Golden Harvest Beef Brisket


2-1/2 lb. beef brisket
2 tbsp. cooking fat
2 sm. onions *
1 cup brown sugar, packed
1/4 tsp. salt
1/4 tsp. pepper
1 qt. boiling water
1 can (28 oz.) yams, drained
6 carrots, pared and slivered
2 md. tart apples, sliced
3 lg. white potatoes **
1/2 cup sugar
1/4 cup catsup
1 tbsp. cornstarch
1/2 tbsp. dry Mustard
1 can (11 oz.) Mandarin orange segments, drained, liquid reserved


Trim excess fat from beef brisket and brown on both sides in fat in Dutch oven. Pour off drippings. Add onions, 1/4 cup brown sugar, salt and pepper. Stir in boiling water. Cover and bake at 350°F for 2 hours.

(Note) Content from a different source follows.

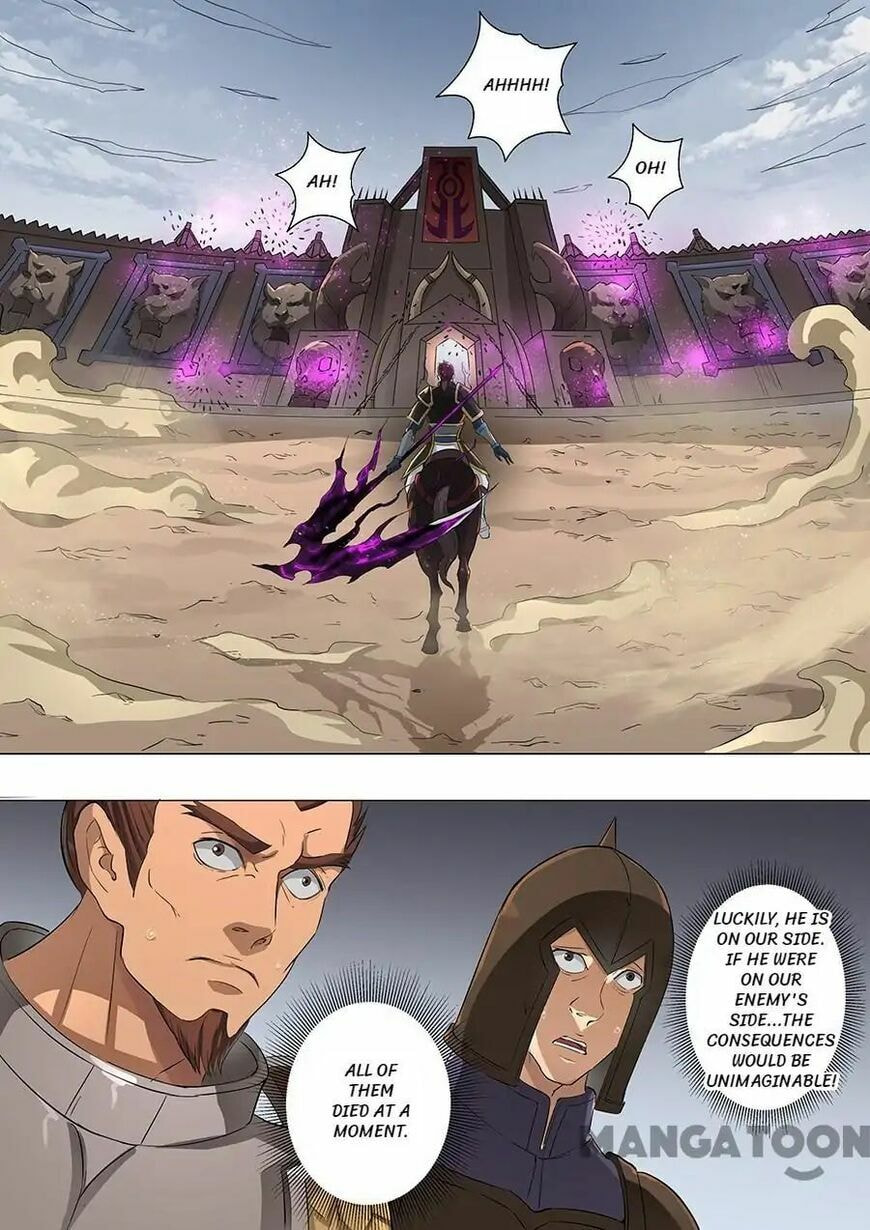 Don's Adventure in Another World Chapter 153 page 7 -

Add yams, carrots, apples, white potatoes and 1/4 cup brown sugar; continue cooking, covered, 30 minutes. Remove cloves from onions. Combine sugar, 1/2 cup brown sugar, catsup, cornstarch and mustard in small saucepan. Stir Mandarin orange liquid into sugar mixture and cook over medium heat until sauce boils. Add madarin oranges. Spoon about half of the sauce over meat. Continue cooking, uncovered, about 30 minutes or until meat is very tender, basting with sauce occasionally.

Carve meat diagonally across the grain and place on platter with vegetables. Spoon remaining hot sauce over meat and vegetables. Garnish with parsley flakes or fresh parsley.

* Onions should be whole and studded with a few cloves.
** Pare and halve the white potatoes.